I recently downloaded an interesting eBook, Messy Canvas, and just wanted to take a few minutes to tell you about it. It's written by one of my online friends, Mandy Steward. I first met Mandy several years ago when I joined the Scrap Girls Design Team. Over the years, after I left Scrap Girls, I continued to follow Mandy's blog and also shared more intimately with her through her Angry Homemade Noodles group.
I've been there. It's one of my faults. My weaknesses. Comparing myself to others. Believing that they're lives are somehow more blessed than mine. That they've got more talent. More time. Perfection is easy for them. It's all lies and it can literally paralyse you. It has me, in the past. And more recently since my Daddy died.
Through reading Mandy's blog, she unwittingly helped me face some of those untruths in my life. I found it odd really as she's quite a bit younger than me. I have 4 grown up children and 2 grandchildren so I was a little bit fascinated that this young woman could teach me so much and inspire me so strongly just by sharing her life's experiences. It made me realise that you should have your hearts open, pliable and ready to learn from anyone and any situation. Learn. Embrace. Move forward. Share.
Mandy spoke about her anger. Her frustrations and her imperfections in a new and refreshing way. Rather than hide these usually negative emotions, she embraced them and shared them. Rather than hide it and pretend to the world that she had it altogether, she wrote candidly about it. Sharing like this opens up hearts and minds. It helps you realise that you're not alone. That there is someone else out there with the same issues. The same human frailties.
These issues may seem unrelated to being an artist but believe me, they are intrinsically related. Being true to yourself and learning to embrace the good, the bad and the ugly is freedom. That freedom will then reach deep into your soul and help you be who you want to be. Whether you want to write, paint, draw, play the piano, sew, knit, illustrate... the list goes on.
Searching again. Who am I? Why am I feeling so paralysed? Why am I finding it so hard to get back to my life? To create. I want to create. I want to draw. Paint. And so on and on... That's kind of where I've been stuck for a little while. I know I'm still in the throes of mourning and grief counselling has been a huge blessing in my life.
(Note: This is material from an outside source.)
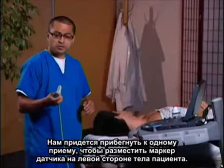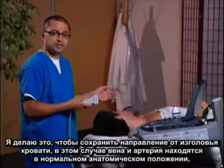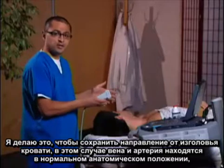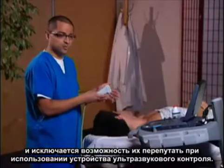We're also going to use a little trick: placing the transducer marker to the patient's left. The reason I do this is to maintain orientation from the head of the bed, so the vein and the artery remain in their normal anatomic positions and don't create confusion when using ultrasound for procedural guidance.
And then I read "Messy Canvas". Mandy unwittingly gave me something magical and soul boosting. My creative soul is awakening. I can feel the yawning and stretching. She reminded me to embrace those imperfections. Her book is a massive kick-start. Whether you're a seasoned professional creative soul or someone who is just feeling a little lost. Perhaps you have "blank canvas" syndrome? Or you just have that yearning to create but don't think you have the talent and yet it's all you think about. All you dream about. Try reading Messy Canvas. It's an extraordinary read.
Mandy, thank you! Keep on doing what you're doing!